Clinical Pearls & Buzzwords

  • "TIA = mini-stroke"
  • "Carotid endarterectomy (CEA) for symptomatic stenosis"
  • "Atrial fibrillation (AF) and anticoagulation"
  • "Antiplatelets for secondary stroke prevention"

Step-by-Step Clinical Reasoning

  1. Identify the syndrome or presentation: TIA or stroke.
  2. Generate a differential (most likely and must-not-miss):
    • Stroke (ischemic or hemorrhagic).
    • TIA (transient ischemic attack).
    • Migraine (rarely misdiagnosed as TIA).
  3. Order appropriate initial tests:
    • Non-contrast CT or MRI to rule out hemorrhage.
    • Lab tests: CBC, electrolytes, and lipid profile.
  4. Interpret results:
    • Imaging: Confirm or rule out TIA or stroke.
    • Lab tests: Identify potential causes (e.g., hyperlipidemia, anemia).
  5. Initiate treatment and monitoring:
    • Antiplatelets: Aspirin, clopidogrel, or warfarin.
    • Carotid endarterectomy (CEA): For symptomatic stenosis.
    • Anticoagulation: For patients with AF or other cardioembolic sources.

Common Mistakes & Exam Traps

  • The mistake: Failing to recognize TIA or stroke.
  • Why it happens: Misunderstanding of pathophysiology or clinical presentation.
  • How to avoid it: Focus on classic symptoms and diagnostic tests.
  • Exam board insight: Be prepared to justify your answer.

  • The mistake: Overlooking carotid dissection as a complication of CEA.

  • Why it happens: Lack of attention to potential complications.
  • How to avoid it: Consider all possible complications when ordering CEA.
  • Exam board insight: Show awareness of potential complications.

  • The mistake: Failing to consider AF as a cause of stroke.

  • Why it happens: Underestimating the importance of AF.
  • How to avoid it: Always consider AF as a potential cause of stroke.
  • Exam board insight: Be prepared to discuss anticoagulation in AF.

How It’s Tested on USMLE

  • Step 1: Basic science vignette (e.g., molecular mechanism, pathology slide, pharmacology).
  • Step 2 CK: Clinical vignette (e.g., "A 45-year-old with chest pain...").
  • Step 3: Similar to Step 2 CK, plus prognosis, risk factors, and occasionally CCS management.

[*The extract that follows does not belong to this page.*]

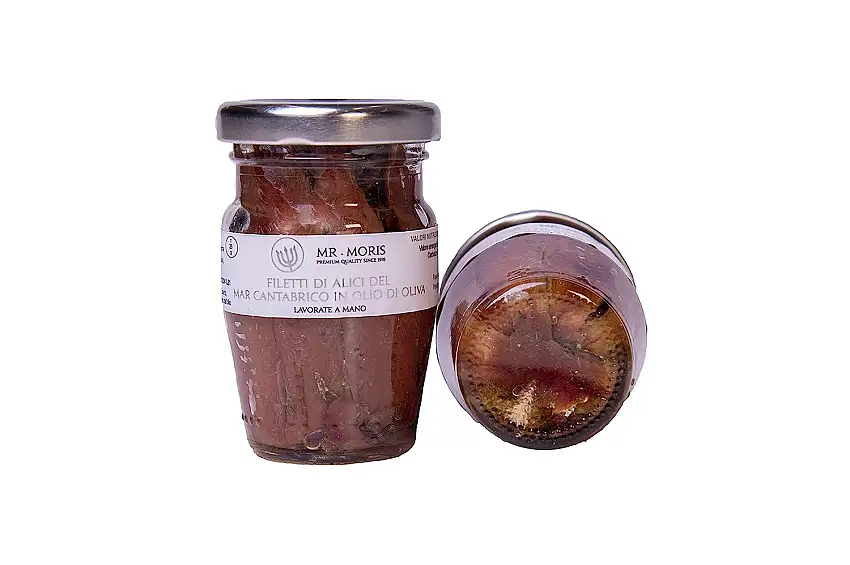 Mr. Moris Sardellenfilets aus dem Kantabrischen Meer in Olivenol Kosher Anchois Handmade (80 Gr)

CCS (Step 3) Relevance (If Applicable)

  • Initial orders: Order non-contrast CT or MRI to rule out hemorrhage.
  • Monitoring and follow-up: Monitor for stroke risk and carotid dissection.
  • Common mistakes: Failing to consider AF as a cause of stroke or overlooking carotid dissection as a complication of CEA.

Practice Questions (3-5 single-best-answer)

Question 1: A 55-year-old woman presents with sudden weakness in her left arm. She has a history of hypertension and hyperlipidemia. Which of the following is the most appropriate initial test?

A) Non-contrast CT B) MRI C) ECG D) CBC

Answer: A) Non-contrast CT

Explanation: Non-contrast CT is the most appropriate initial test to rule out hemorrhage.

Question 2: A 65-year-old man presents with atrial fibrillation. Which of the following is the most appropriate anticoagulation therapy?

A) Aspirin B) Clopidogrel C) Warfarin D) Dabigatran

Answer: C) Warfarin

Explanation: Warfarin is the most appropriate anticoagulation therapy for patients with AF.

Question 3: A 40-year-old woman presents with sudden vision loss in her left eye. She has a history of carotid stenosis. Which of the following is the most appropriate surgical procedure?

A) Carotid endarterectomy (CEA) B) Carotid angioplasty C) Stenting D) None of the above

Answer: A) Carotid endarterectomy (CEA)

Explanation: CEA is the most appropriate surgical procedure for symptomatic carotid stenosis.

Quick Reference Card (60-Second Summary)

  • TIA = mini-stroke
  • Antiplatelets: Aspirin, clopidogrel, or warfarin.
  • Carotid endarterectomy (CEA): Surgical removal of plaque from the carotid artery.
  • Anticoagulation: For patients with AF or other cardioembolic sources.
  • Stroke risk: 10-15% within 90 days.
  • Carotid dissection: A potential complication of CEA.

If You Get Stuck on Test Day

  • Eliminate obviously wrong answers.
  • Use the "next best step" hierarchy (least invasive, most specific).
  • For Step 3 CCS: Order basic labs, vitals, and IV access when unsure.

Related USMLE Topics

  • Stroke: Connects to "cardiorenal syndrome", "ACE inhibitors", "beta-blockers".
  • Carotid artery disease: Connects to "atherosclerosis", "hypertension", "hyperlipidemia".
  • Anticoagulation: Connects to "atrial fibrillation", "deep vein thrombosis", "pulmonary embolism".